C'est une longue enquête signée par la cellule investigation de Radio France, avec le consortium Forbidden Stories. Les journalistes se sont penchés sur les soupçons d'ingérence à BFMTV et notamment comment Rachid M'Barki, figure historique de la chaîne, en est arrivé à diffuser à l'antenne des informations biaisées, orientées et non vérifiées par le circuit habituel de la rédaction. Des informations portant sur des oligarques russes, le Qatar, le Soudan, le Sahara "marocain" et le Cameroun ont été présentées et fournies clés en main pour le compte de clients étrangers.

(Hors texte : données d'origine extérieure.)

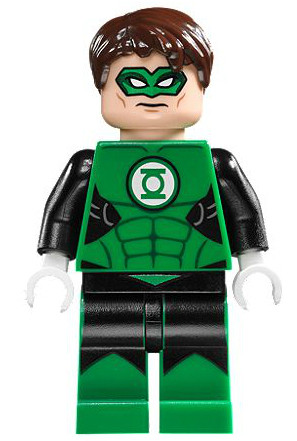 DC Green Lantern Heroes of the DC Universe Green Lantern Bust DC Direct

Après ces révélations début février, le présentateur a été suspendu d'antenne et une enquête interne a été diligentée à BFMTV.
Selon Radio France, interrogé par la direction de BFMTV, celui qui anime "Faites entrer l'accusé" sur RMC Story a admis des opérations "d'entrisme" et une éventuelle "erreur de jugement journalistique". Il aurait "rendu service à un ami".

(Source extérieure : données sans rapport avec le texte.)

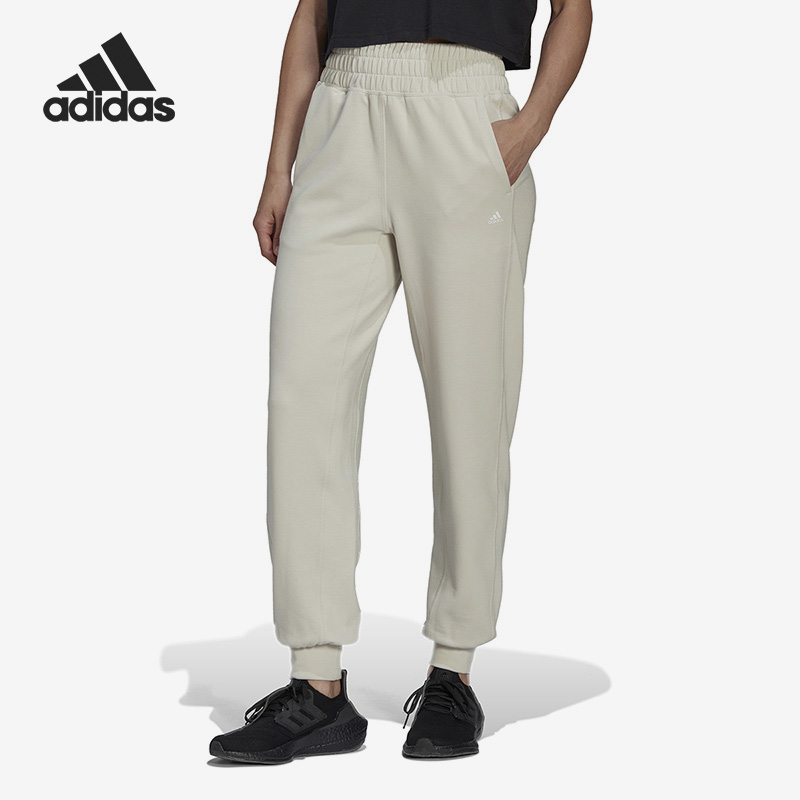 阿迪达斯正品女子长裤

Et comme le révèle l'enquête de la cellule investigation, c'est Frédéric Métézeau, journaliste à Radio France, qui a alerté Marc-Olivier Fogiel, directeur de BFMTV, de ces soupçons d'ingérence. Cette vaste enquête intitulée "Story Killers", en collaboration avec le consortium Forbidden Stories, a réuni 100 journalistes de médias internationaux pour se pencher sur une structure israélienne spécialisée dans l'influence, la manipulation électorale et la désinformation.

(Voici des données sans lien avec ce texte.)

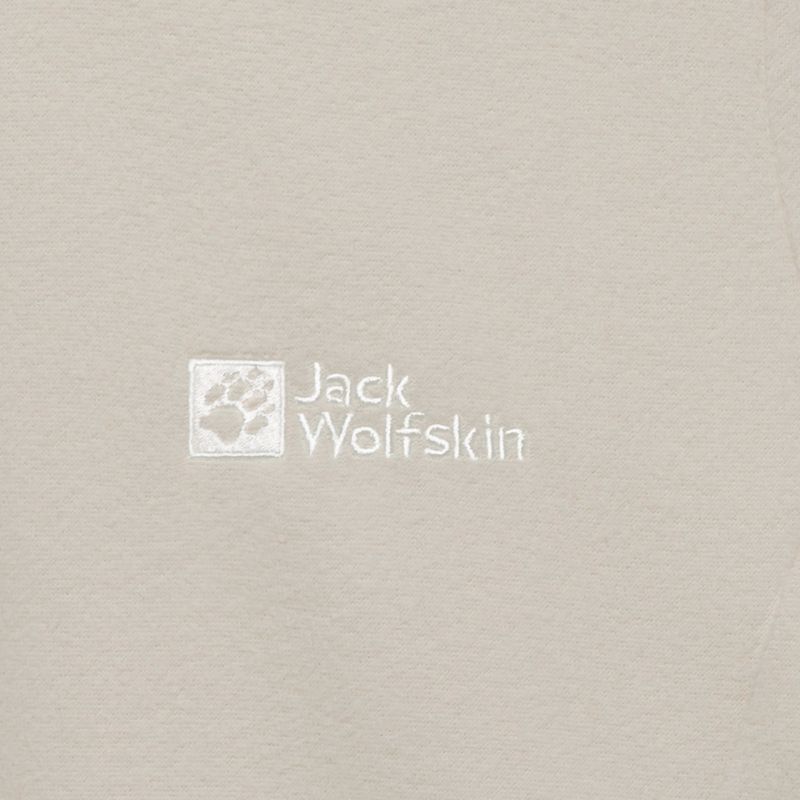 Moteriškas žygio džemperis Jack Wolfskin Taunus Hz pale sand 8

Ayant découvert ces soupçons d'ingérence, l'enquêteur de Radio France a fait part de ses découvertes au patron de la première chaîne d'information de France. "Il m'explique que des brèves lui sont proposées par un intermédiaire et que cela relève de son libre arbitre éditorial. C'est suffisamment problématique pour que nous lancions un audit interne pour comprendre comment ces brèves arrivent à l'antenne, comme elles sont illustrées et par quel biais la hiérarchie a été contournée", raconte Marc-Olivier Fogiel.
L'origine de cette affaire se trouve ainsi en Israël. Durant plusieurs mois, Frédéric Métézeau, accompagné de deux journalistes d'investigation israéliens, ont infiltré l'agence de désinformation baptisé Aims, dont l'équipe a été nommée "Team Jorge". Ses employés sont notamment composés d'anciens membres de l'armée israélienne et des services de renseignements du pays. La société se permet d'intervenir dans tous les pays du monde, sauf la politique nationale américaine, la Russie et Israël.
Et cette entreprise douteuse revendique de recruter des journalistes au sein de grands médias étrangers, facturant à un client 20.000 euros une publication, dont 3.000 seraient reversés en espèces au journaliste. Présents au sein de la société de désinformation, les trois enquêteurs de "Story Killers" découvrent une vidéo datant du 19 septembre 2022 dans laquelle Rachid M'Barki évoque les difficultés de l'industrie du yachting à Monaco après la mise en place des sanctions contre les oligarques russes. L'extrait a ensuite été diffusé sur les réseaux sociaux via la plateforme Aims.
L'enquête révèle par ailleurs l'un des hommes-clé de ce scandale, Jean-Pierre Duthion, qui est désigné comme celui qui aurait fourni les textes et les images à diffuser sur BFMTV. Joint par Forbidden Stories, il s'est présenté comme "lobbyiste" et "mercenaire" : "BFMTV est devenu l'agneau sacrificiel. On est en train de découvrir que des agences de com' dont l'objectif est de placer des sujets, arrivent à faire leur travail". Il a toutefois démenti avoir payé Rachid M'Barki et a assuré ne pas connaître le commanditaire : "Je n'ai jamais et ne rémunérerai jamais un journaliste. Aucune preuve, aucun élément ne permet d'affirmer le contraire".